América Invertida holds many merits: vital and diversified translations, a clear age-oriented focus, a sufficient number of poems by each writer so as to give an idea of each poet’s approach and stance. Kercheval even lists, in the short biographies of poets and translators at the end of the volume, who their favorite writers are — in English and Spanish — as to clarify genealogies and, maybe, soothe the usual “anxiety of influence” of her authors. The only flaw of the anthology is the absence of the provenances and dates of the poems, something easily emendable in future editions.

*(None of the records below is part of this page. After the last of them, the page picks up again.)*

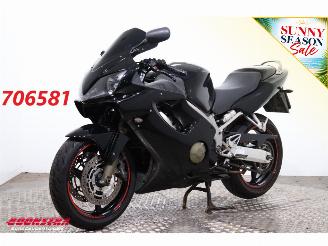 skadebil motor Honda  CBR 600F Dominator 2007/3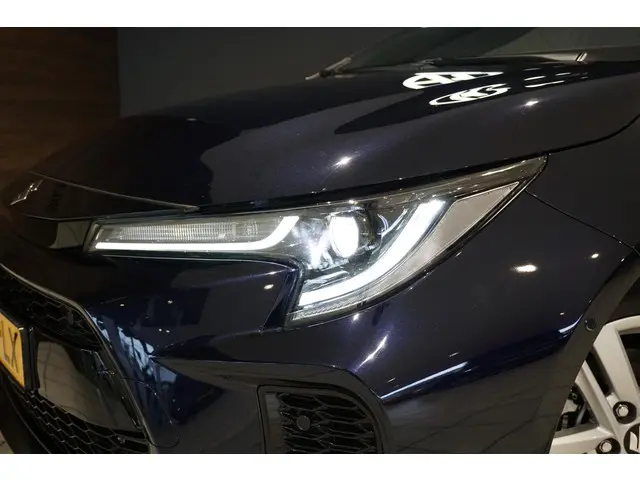 Toyota Corolla 1.8 Hybrid Style 2022 Hybride Benzine 17
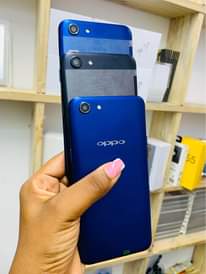 A picture of Oppo A 83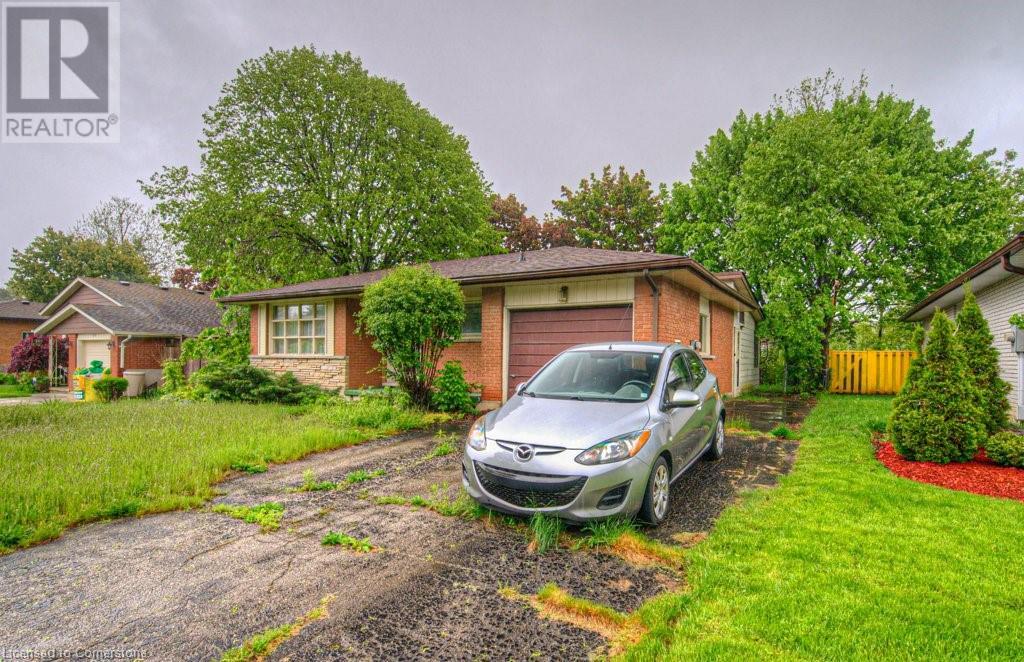 537 Glen Manor Boulevard, Waterloo, Ontario  N2L 4T4 - Photo 2 - 40731095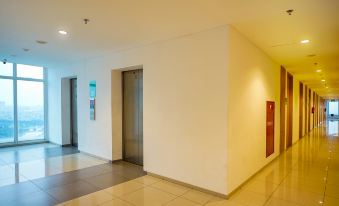 Ventura Room at TreePark City by Ruang Nyaman - Housity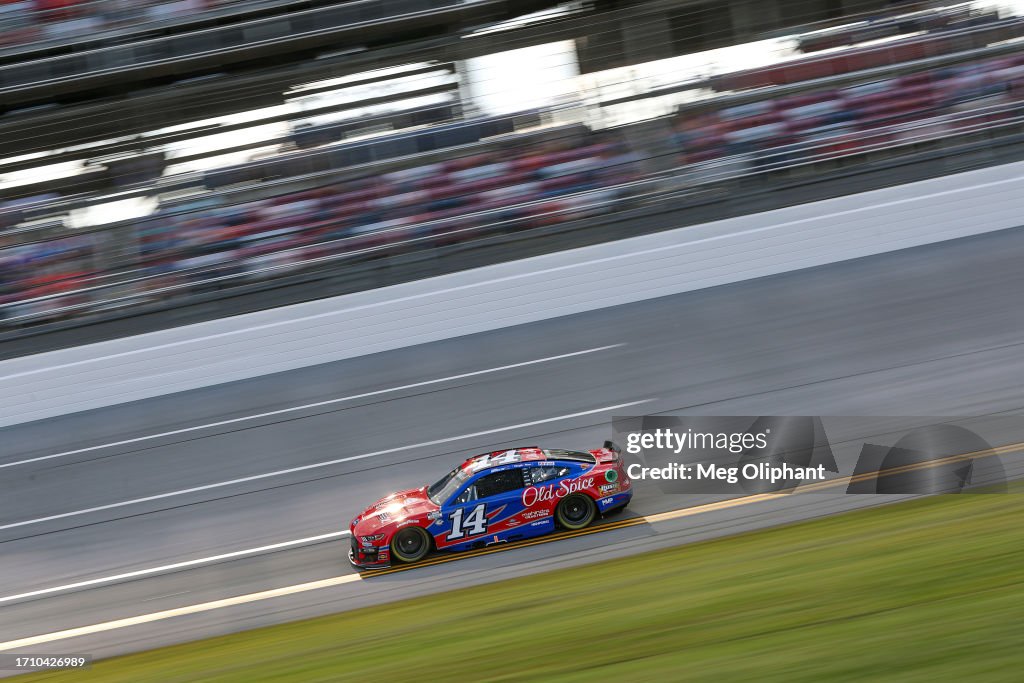 NASCAR Cup Series YellaWood 500 - Qualifying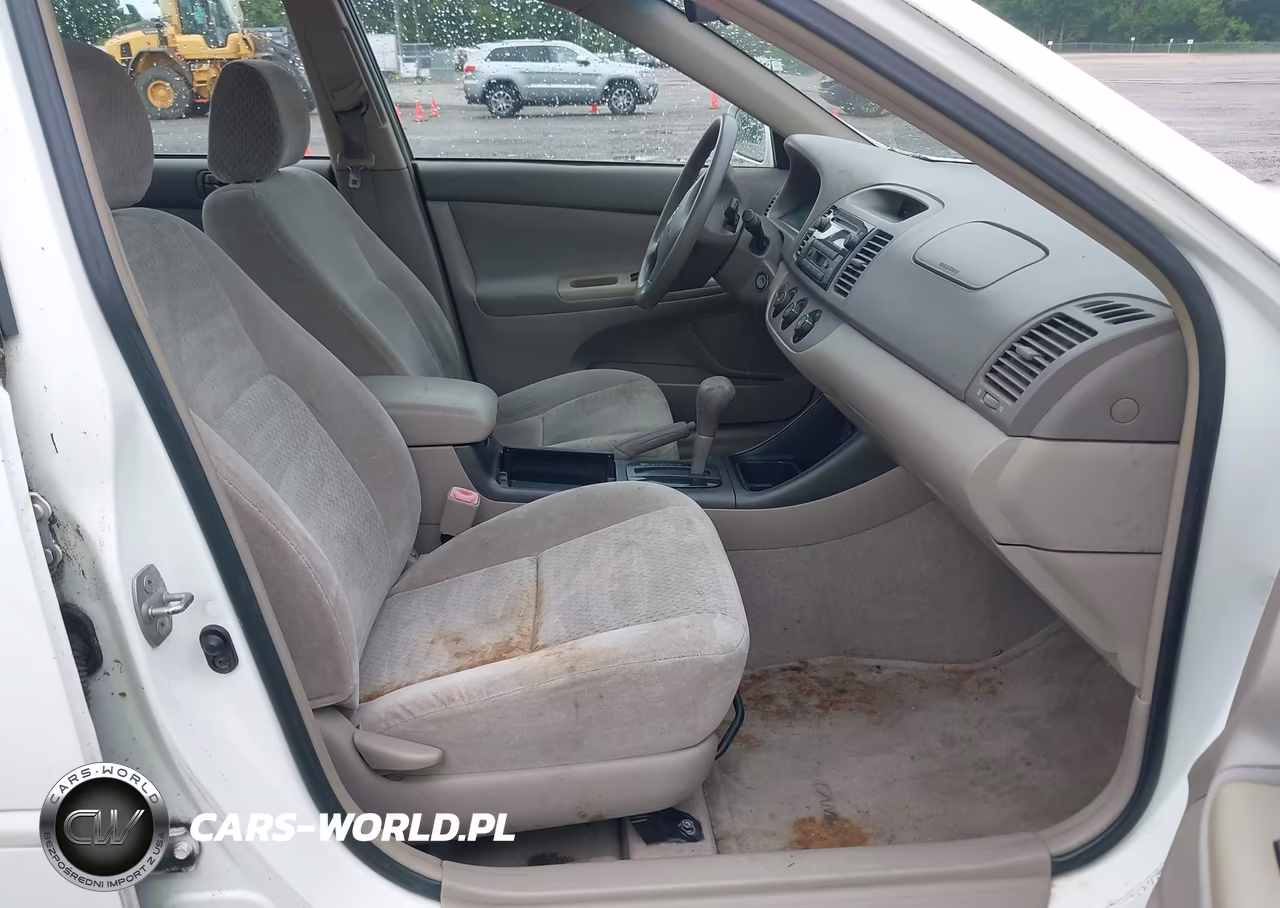 2004 Toyota Camry Le VIN:4T1BE32K74U336748 - 5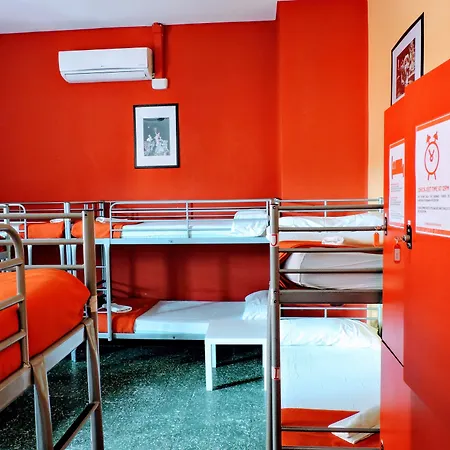 Feetup Backpackers Valencie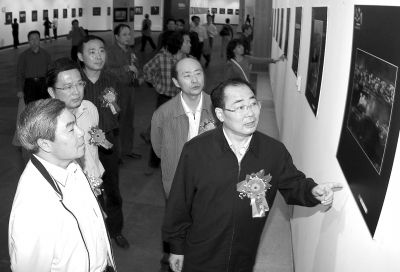 钟世坚（前）此前出席珠海市第四届摄影展。资料图片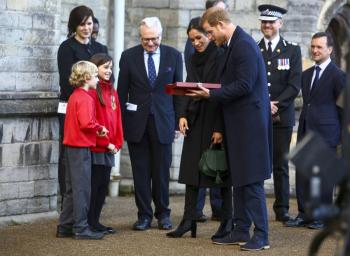 Esta es la regla de oro que el Rey Carlos III impuso a Meghan Markle y Harry para el d&iacute;a de su coronaci&oacute;n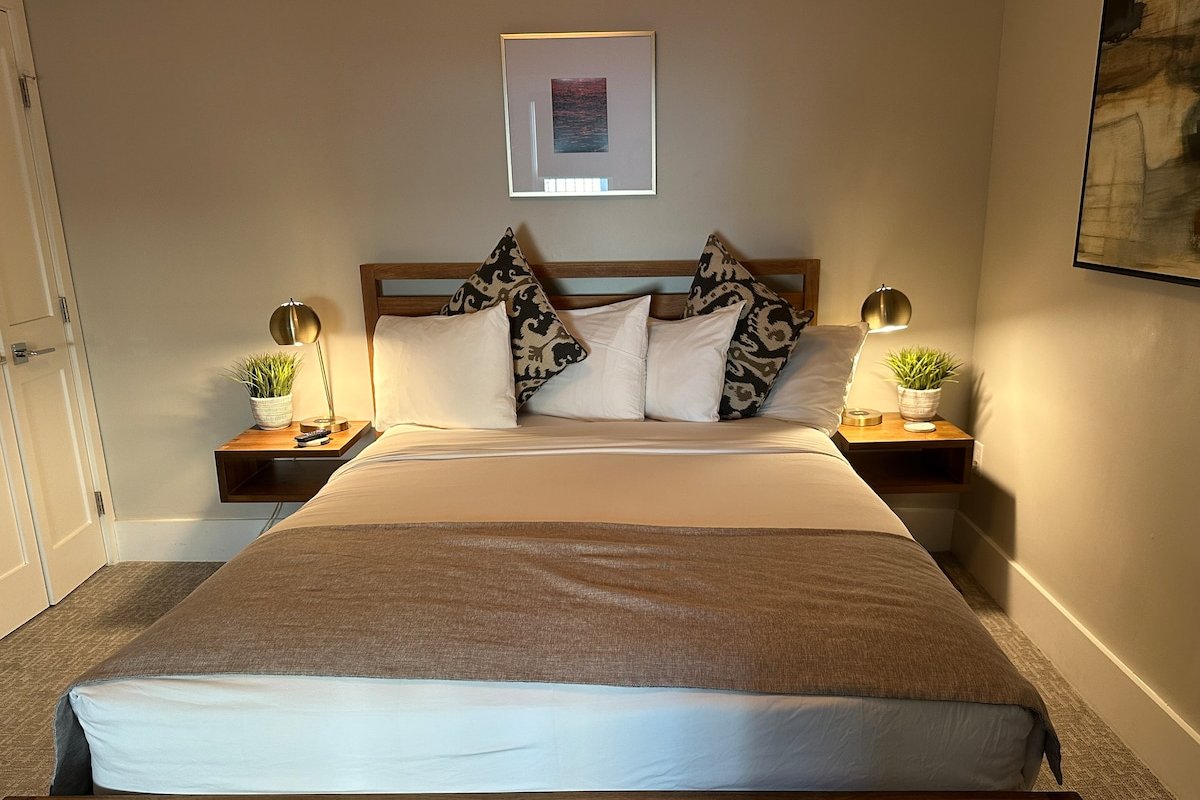 Entire Modern 7 Unit 7 Bath Boutique Inn gallery image 3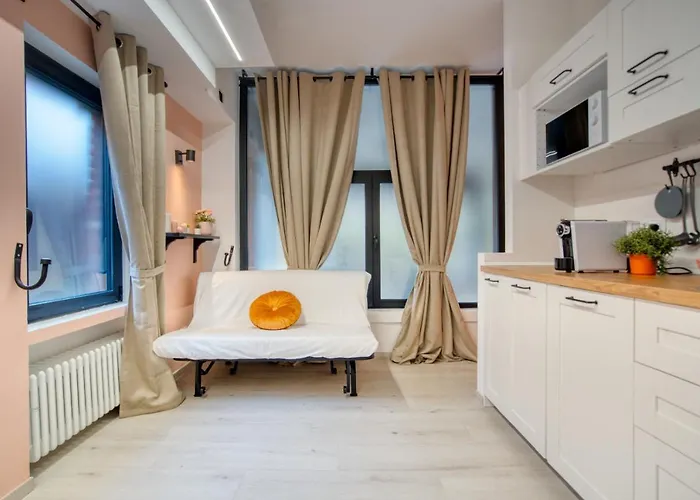 Otel Suzzani 273 *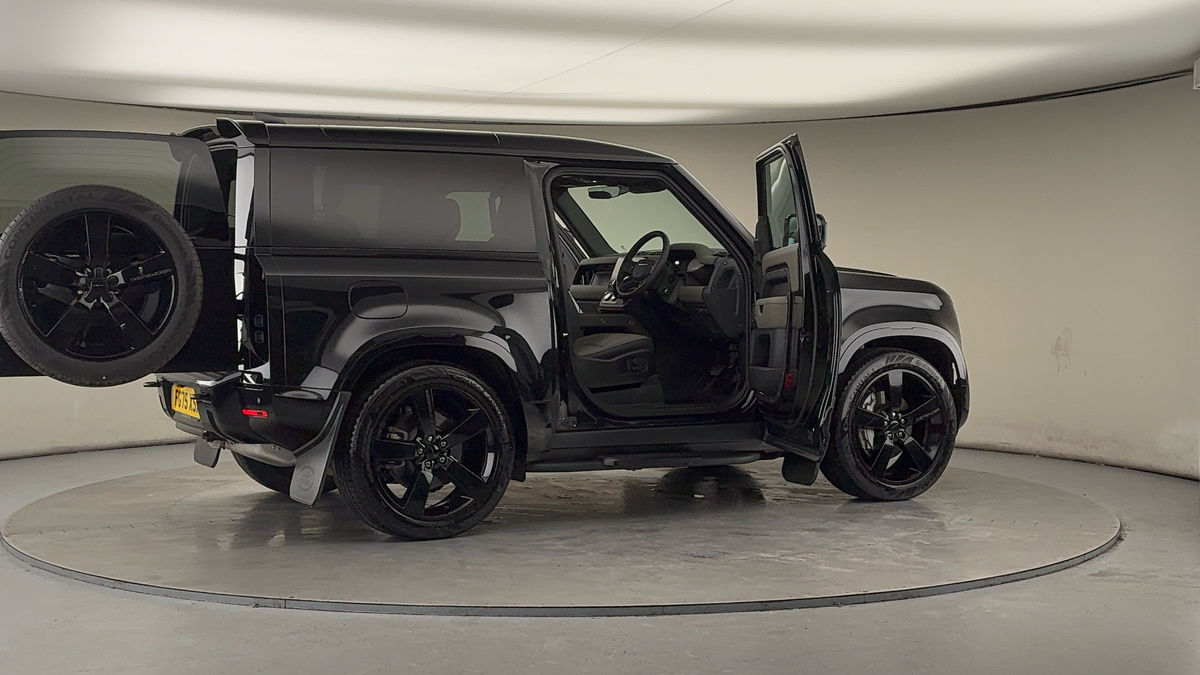 More views of Land Rover Defender 90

The English-speaking reader has at their disposal various ways to access the modern Uruguayan poeticproduction. In fact, in addition to América Invertida three other fairly recent anthologies that cover the twentieth century have also been published: Contemporary Uruguayan Poetry: A Bilingual Anthology, edited by Ronald Haladyna (2010); Hotel Lautréamont: Contemporary Poetry from Uruguay, edited by Kent Johnson and Roberto Echavarren (2011) and Touching the Light of Day: Six Uruguayan Poets, edited by Laura Chalar (2016). It is definitely the best time ever to embark on such a worthwhile trip.  



1. See Joaquín Torres García, “Lección 30: La escuela del sur,” in Universalismo constructivo: Contribución a la unificación del arte y la cultura de América (Buenos Aires: Poseidon, 1944).

2. Jesse Lee Kercheval, ed., América Invertida: An Anthology of Emerging Uruguayan Poets (Albuquerque, NM: University of New Mexico Press, 2016), xiv.